**Work item:** Exercise in exact copying: restate word for word only the lines below from the one containing "4 and 4 make" through the one containing "Trying to image", omitting any pictures.

**Given records:**

↓↓↓

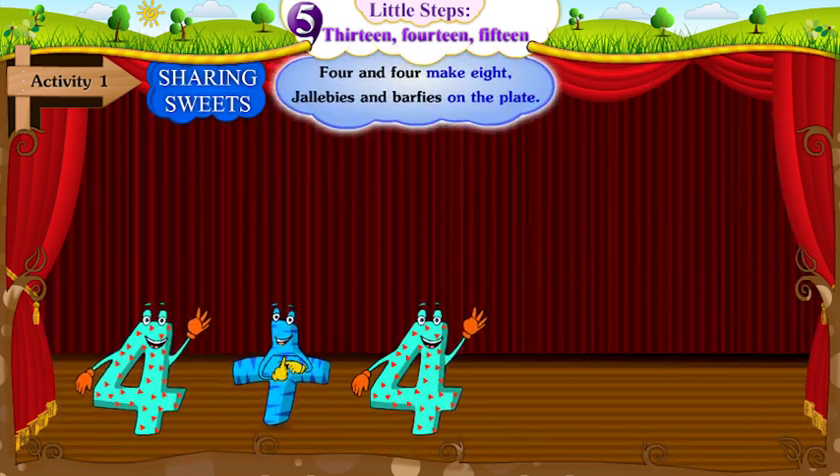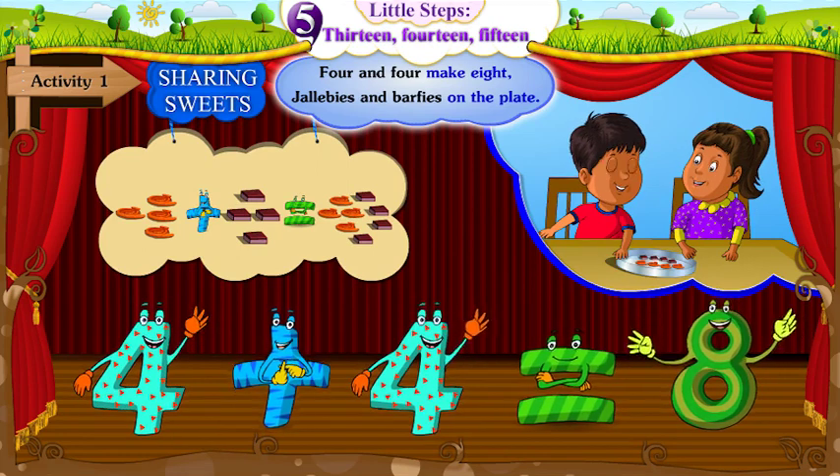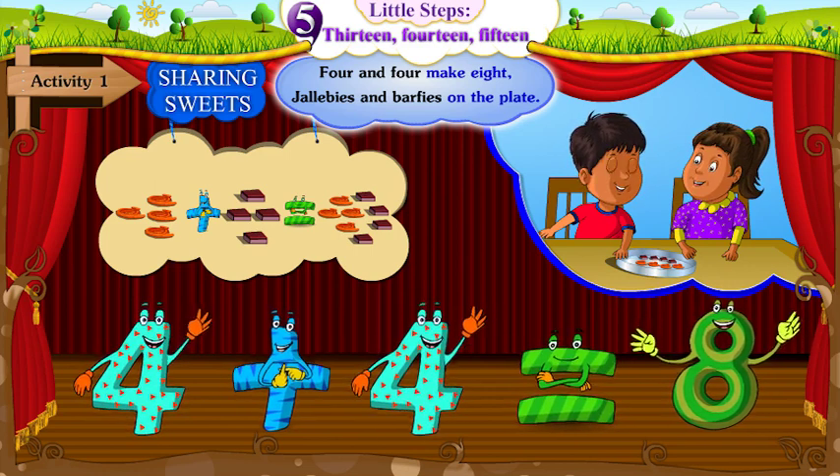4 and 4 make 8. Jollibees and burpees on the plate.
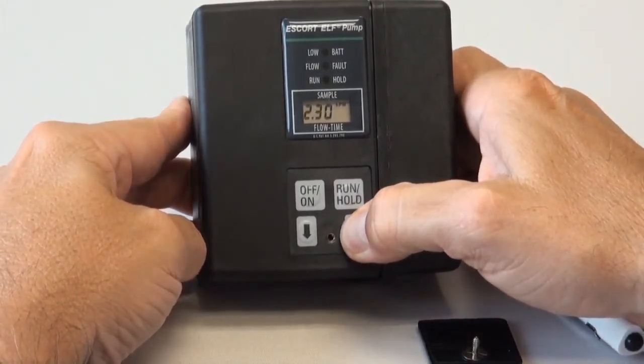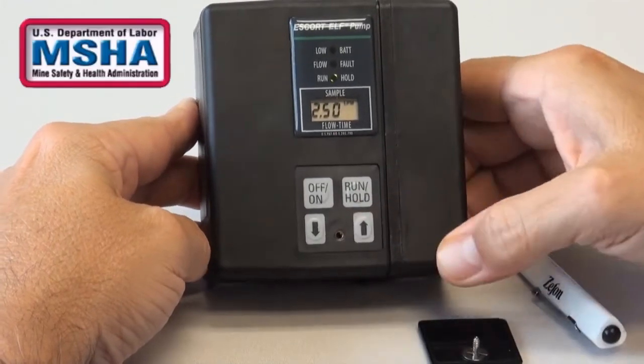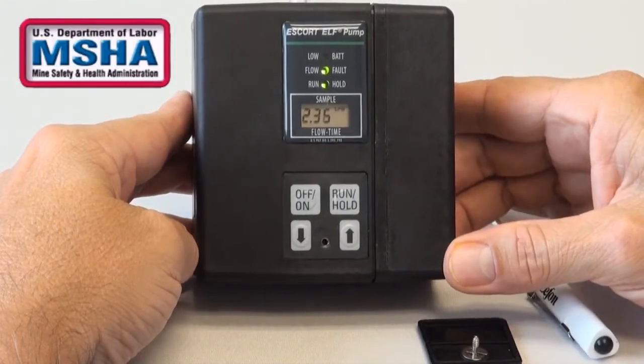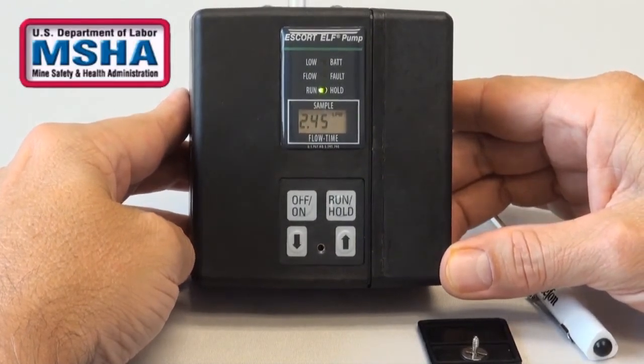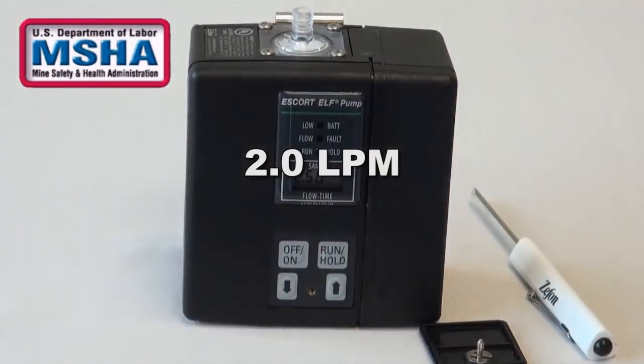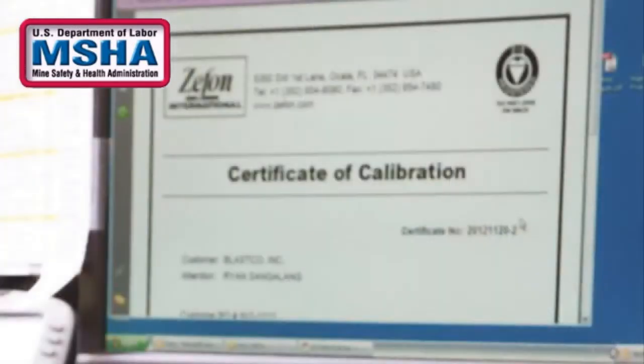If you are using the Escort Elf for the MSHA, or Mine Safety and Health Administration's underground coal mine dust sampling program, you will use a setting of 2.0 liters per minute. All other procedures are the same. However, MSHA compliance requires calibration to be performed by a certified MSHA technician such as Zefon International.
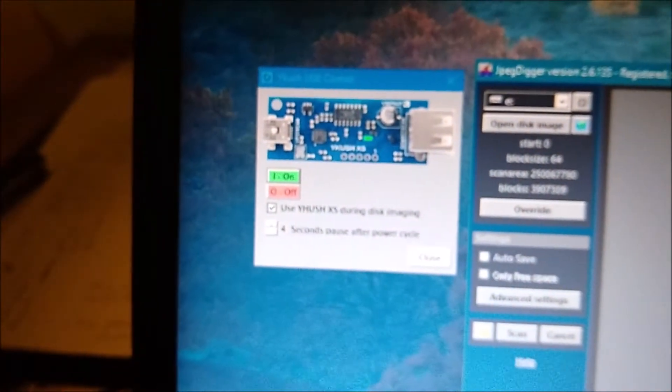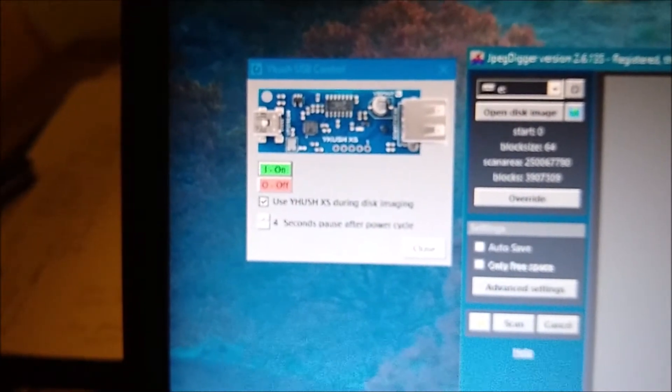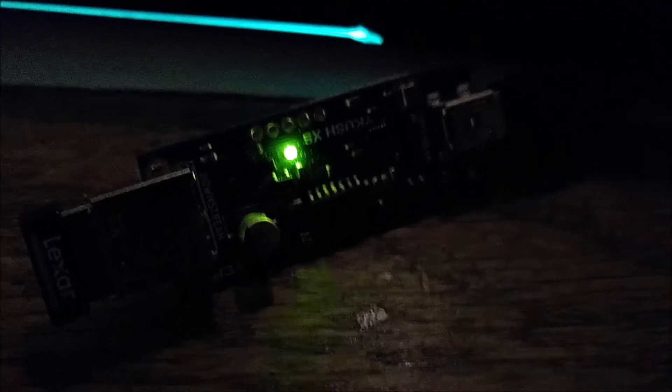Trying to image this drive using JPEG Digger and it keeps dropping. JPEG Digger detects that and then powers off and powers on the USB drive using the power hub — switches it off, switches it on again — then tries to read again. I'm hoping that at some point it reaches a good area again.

↑↑↑
↓↓↓

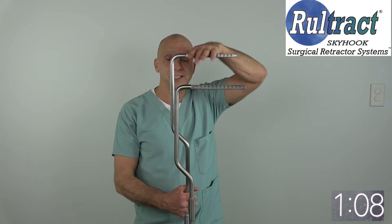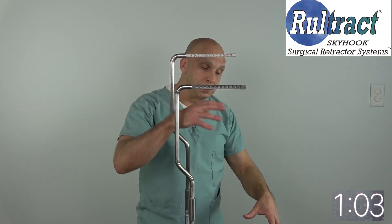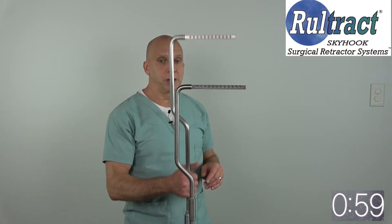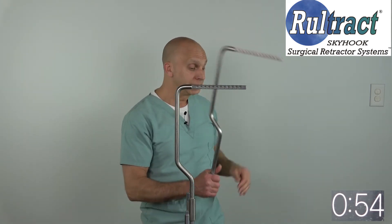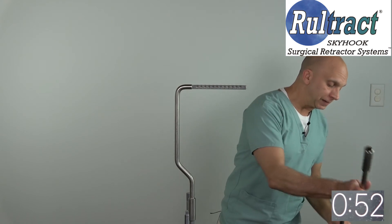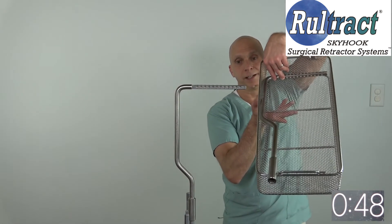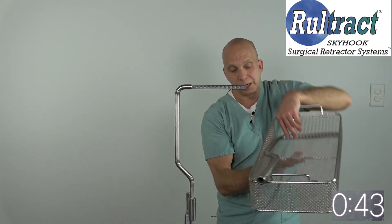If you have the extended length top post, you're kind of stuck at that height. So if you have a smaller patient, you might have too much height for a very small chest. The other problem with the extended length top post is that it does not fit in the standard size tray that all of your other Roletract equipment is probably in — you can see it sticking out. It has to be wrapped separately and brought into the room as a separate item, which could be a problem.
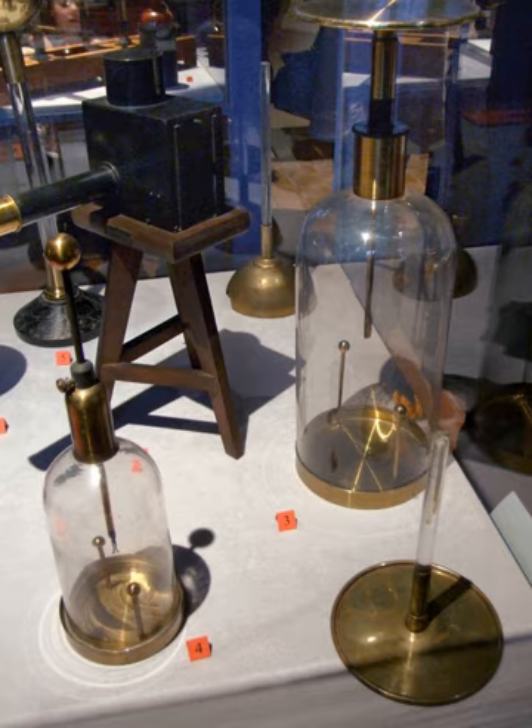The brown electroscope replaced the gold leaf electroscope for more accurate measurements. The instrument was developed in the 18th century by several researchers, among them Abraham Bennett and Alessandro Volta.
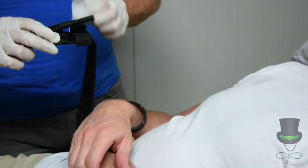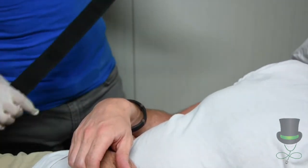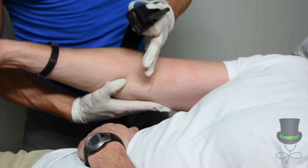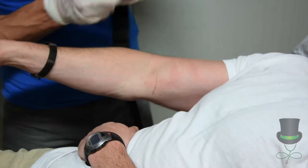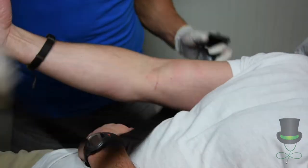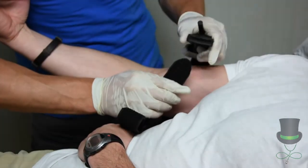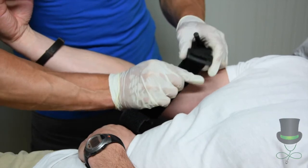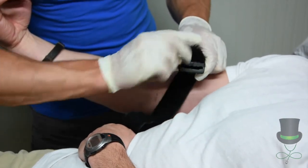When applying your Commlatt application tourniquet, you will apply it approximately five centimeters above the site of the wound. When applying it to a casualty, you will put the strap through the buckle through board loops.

↑↑↑
↓↓↓

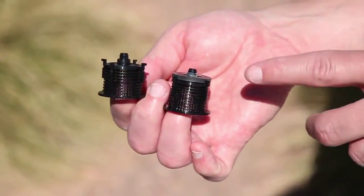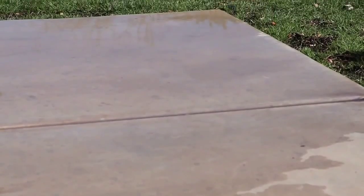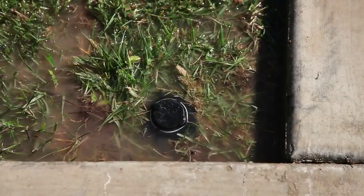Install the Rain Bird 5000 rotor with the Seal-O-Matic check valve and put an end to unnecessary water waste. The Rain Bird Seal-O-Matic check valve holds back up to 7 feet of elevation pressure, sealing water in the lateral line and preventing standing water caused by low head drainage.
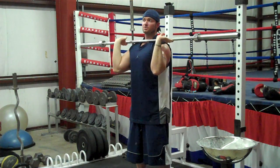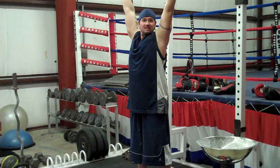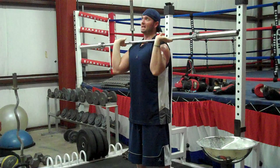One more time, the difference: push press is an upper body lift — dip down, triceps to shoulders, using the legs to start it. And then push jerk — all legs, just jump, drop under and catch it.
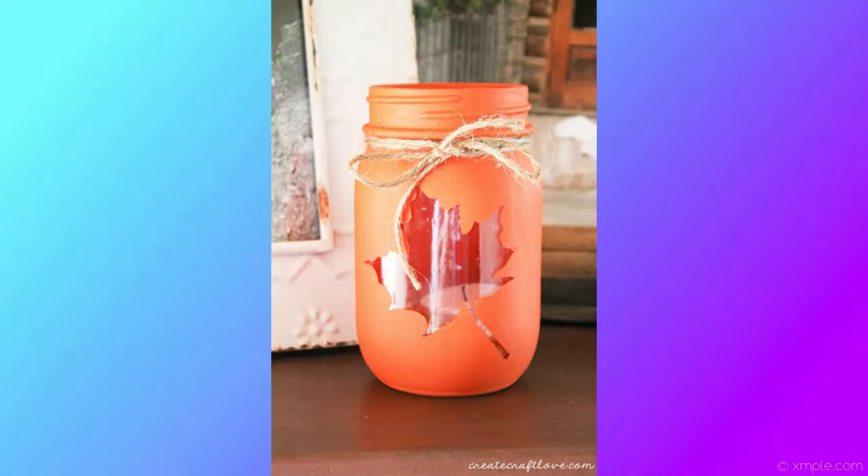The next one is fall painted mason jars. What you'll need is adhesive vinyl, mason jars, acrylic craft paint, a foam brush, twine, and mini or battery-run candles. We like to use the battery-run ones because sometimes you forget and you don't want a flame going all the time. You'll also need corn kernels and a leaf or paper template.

↑↑↑

**Exercise output:**
4 and 4 make 8. Jollibees and burpees on the plate.
If you are using the Escort Elf for the MSHA, or Mine Safety and Health Administration's underground coal mine dust sampling program, you will use a setting of 2.0 liters per minute. All other procedures are the same. However, MSHA compliance requires calibration to be performed by a certified MSHA technician such as Zefon International.
Trying to image this drive using JPEG Digger and it keeps dropping. JPEG Digger detects that and then powers off and powers on the USB drive using the power hub — switches it off, switches it on again — then tries to read again. I'm hoping that at some point it reaches a good area again.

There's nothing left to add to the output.